DFG-Programm Point Sud: Das Forschungszentrum Point Sud in Bamako, Mali

Das Forschungszentrum »Point Sud Lokales Wissen«

Point Sud ist ein internationales, autonomes Forschungsinstitut, das sich auf die Entwicklung neuer Formen der Zusammenarbeit zwischen Ländern des »Südens« einerseits und zwischen diesen Ländern und dem »Norden« konzentriert. Es wurde aufgrund einer lokalen Initiative gebürtiger und im Ausland geborener Malier in Zusammenarbeit mit der Universität Bayreuth, dem Wissenschaftskolleg zu Berlin und mit anderen wissenschaftlichen Anstalten wie der Ecole Des Hautes Etudes en Sciences Sociales, Paris und dem Center for International and Area Studies of Yale University, USA, gegründet.

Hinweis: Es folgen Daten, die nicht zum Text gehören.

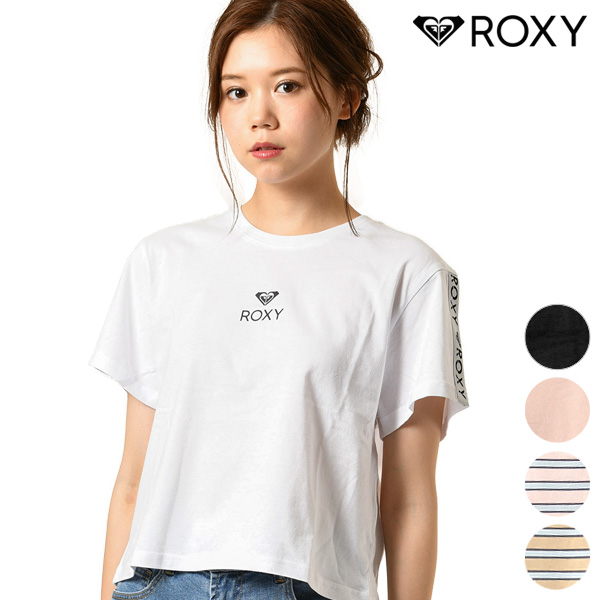 楽天市場 Roxy ロキシー レディース 半袖 Tシャツ Rst192625m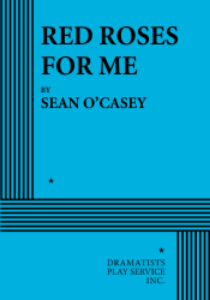 Red Roses for Me Book Cover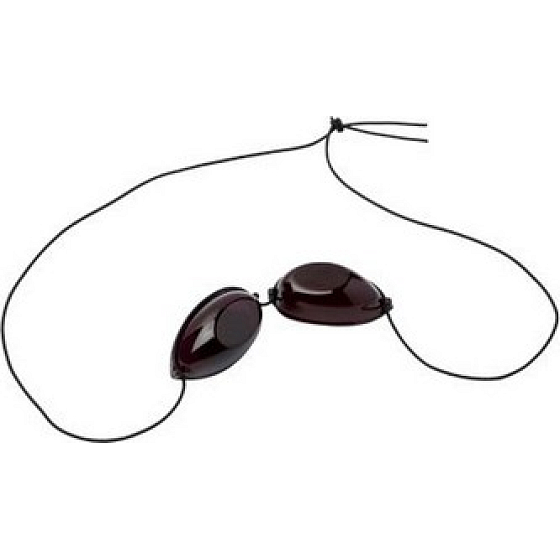 Elastic Igoggles eyelid protection with elastic band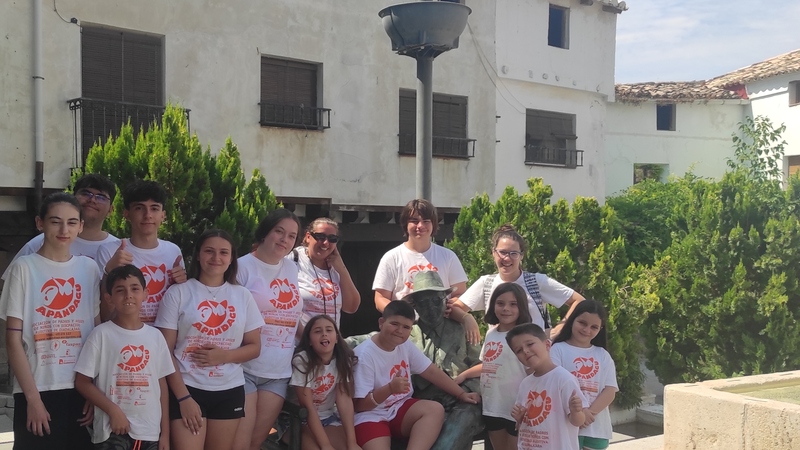 CAMPAMENTO DE VERANO INCLUSIVO 2025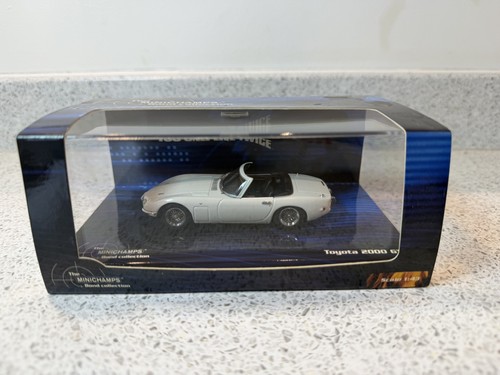 Minichamps james bond - james, 007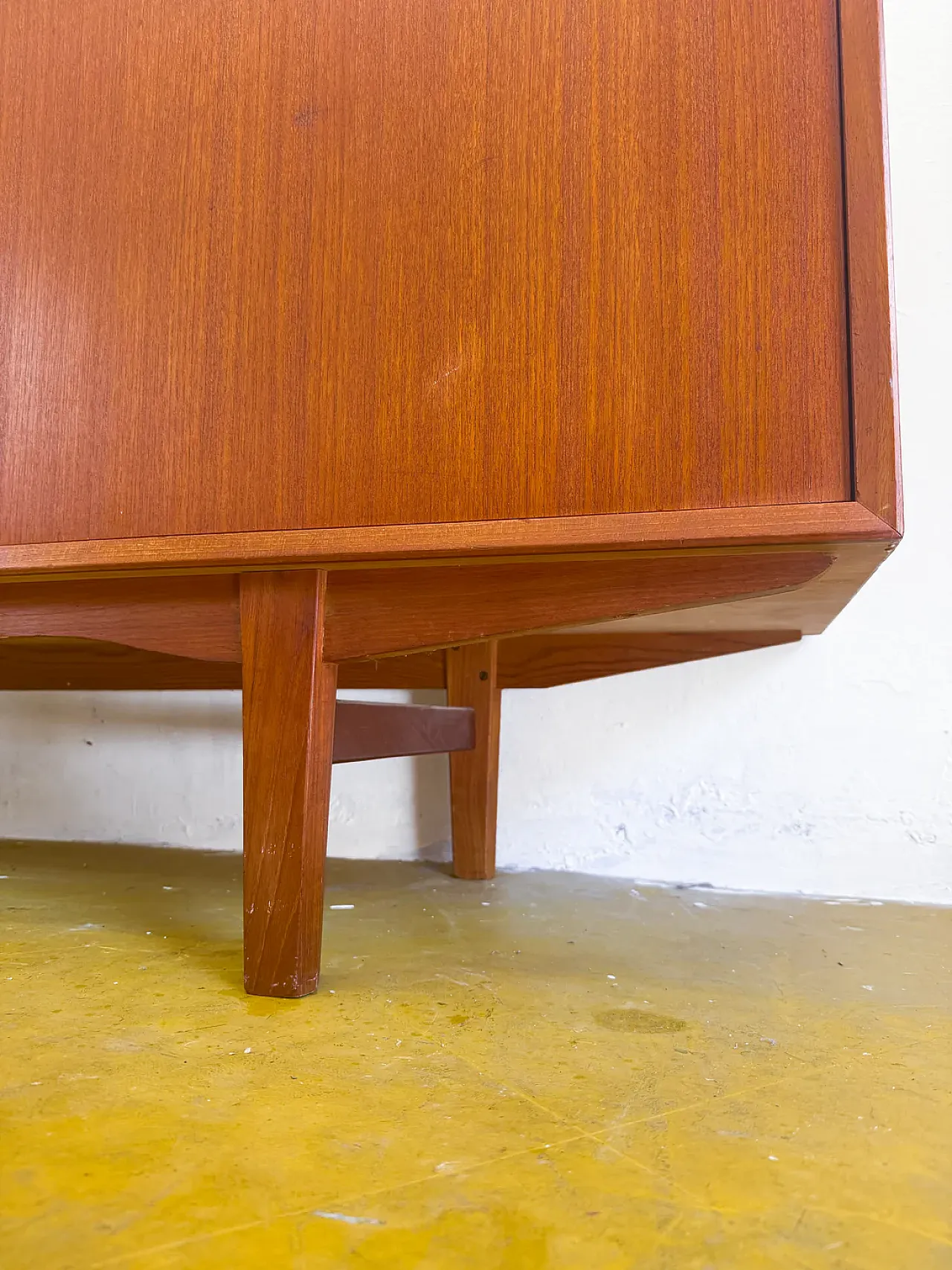 Mid-Century sideboard, Denmark, 1950s 12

»Point Sud – Lokales Wissen« analysiert die Interaktionen zwischen lokalem Wissen und Praktiken einerseits und den globalen oder nationalen Projekten der Modernisierung und der Staatsbildung andererseits. Point Sud unterstützt besonders Forschung über die kulturellen Wurzeln lokalen Wissens und dessen Antwort auf die lokale, nationale und globale Dynamik. Die systematische Sammlung oraler Traditionen und anderer oraler Quellen ist deshalb der Schwerpunkt der Forschungsprojekte des Instituts.

Das Zentrum fördert einzelne Forschungsprojekte, die Forscher aus der ganzen Welt zusammenbringen; es organisiert internationale Kolloquien und Kurse, und es bewilligt Studien- und Forschungsbeihilfen für junge afrikanische Forscher. Point Sud wird von Prof. Dr. Mamadou Diawara geleitet, der Professor für Ethnologie an der Goethe-Universität ist. Seit 2004 finanziert die Goethe-Universität die Infrastruktur von Point Sud.

Das DFG-Programm Point Sud

Im Jahr 2008 riefen die Goethe-Universität Frankfurt am Main und die DFG das Programm Point Sud ins Leben. Die Universität trägt die Infrastruktur von Point Sud, während die DFG einen jährlichen Paketantrag für bis zu fünf Veranstaltungen pro Förderungszeitraum finanziert. Anträge können einmal pro Jahr von allen deutschen Wissenschaftlern gestellt werden, unabhängig von Fachrichtung oder Hochschulzugehörigkeit. Die allgemeine Zielsetzung des Programms beinhaltet:

  • die Etablierung eines Zentrums der interdisziplinären Forschung und des Austausches zwischen Wissenschaftlern und Institutionen aus Deutschland, Europa, Afrika und an deren Teilen der Welt,
  • die Vernetzung von afrikanischen Wissenschaftlern und Forschungsinstitutionen so wohl auf der Nord-Süd-Achse als auch innerhalb von Afrika und mit Forschern aus Südamerika und Asien (Süd-Süd-Achse),
  • die Förderung des wissenschaftlichen Nachwuchses,
  • die Überwindung von Sprachbarrieren und akademischen Denktraditionen.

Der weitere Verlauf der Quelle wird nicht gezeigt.